• [Description of the task]
What should come back is the data below, word for word, minus any picture.

• [Record excerpts]
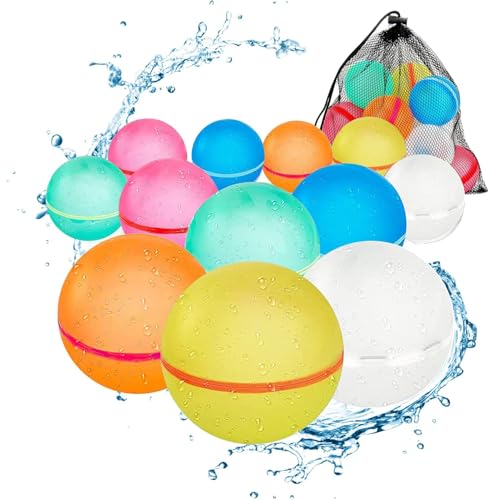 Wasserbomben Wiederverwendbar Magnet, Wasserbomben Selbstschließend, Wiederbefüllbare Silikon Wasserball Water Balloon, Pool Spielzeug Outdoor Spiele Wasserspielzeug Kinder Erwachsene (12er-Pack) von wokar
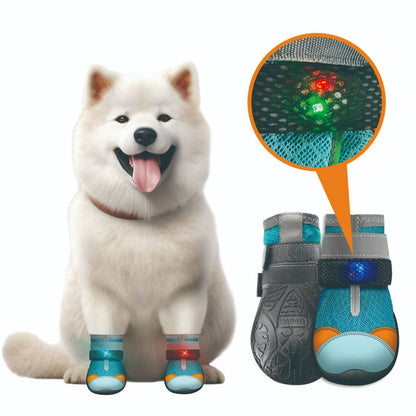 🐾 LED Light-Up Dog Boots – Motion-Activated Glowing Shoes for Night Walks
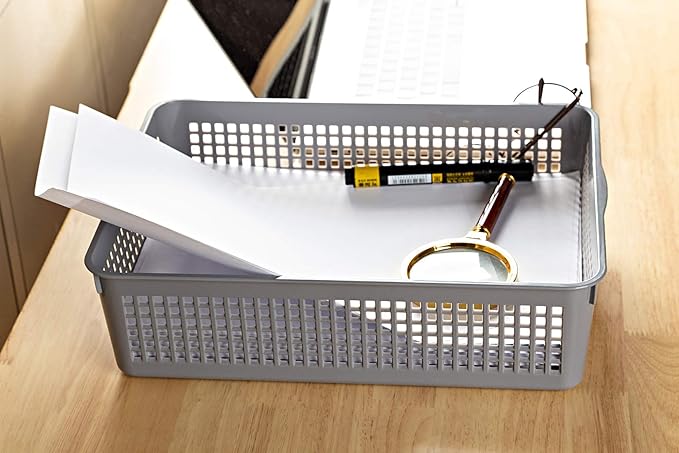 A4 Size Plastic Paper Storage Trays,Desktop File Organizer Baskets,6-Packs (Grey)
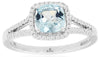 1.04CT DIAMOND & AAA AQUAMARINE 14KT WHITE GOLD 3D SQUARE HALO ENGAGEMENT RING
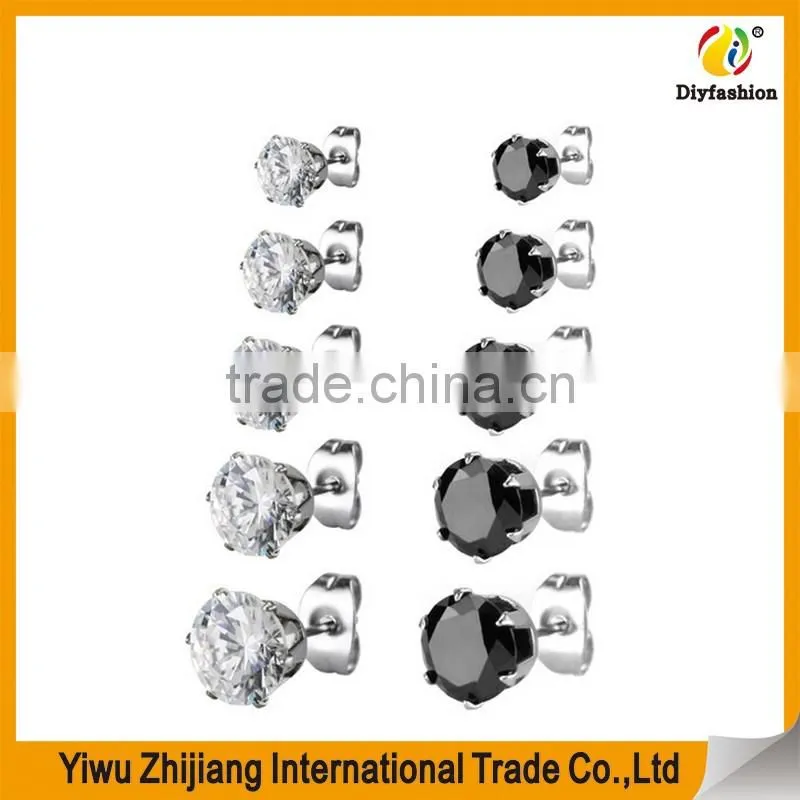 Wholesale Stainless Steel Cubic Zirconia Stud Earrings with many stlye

• [Exercise answer]
 Wasserbomben Wiederverwendbar Magnet, Wasserbomben Selbstschließend, Wiederbefüllbare Silikon Wasserball Water Balloon, Pool Spielzeug Outdoor Spiele Wasserspielzeug Kinder Erwachsene (12er-Pack) von wokar
 🐾 LED Light-Up Dog Boots – Motion-Activated Glowing Shoes for Night Walks
 A4 Size Plastic Paper Storage Trays,Desktop File Organizer Baskets,6-Packs (Grey)
 1.04CT DIAMOND & AAA AQUAMARINE 14KT WHITE GOLD 3D SQUARE HALO ENGAGEMENT RING
 Wholesale Stainless Steel Cubic Zirconia Stud Earrings with many stlye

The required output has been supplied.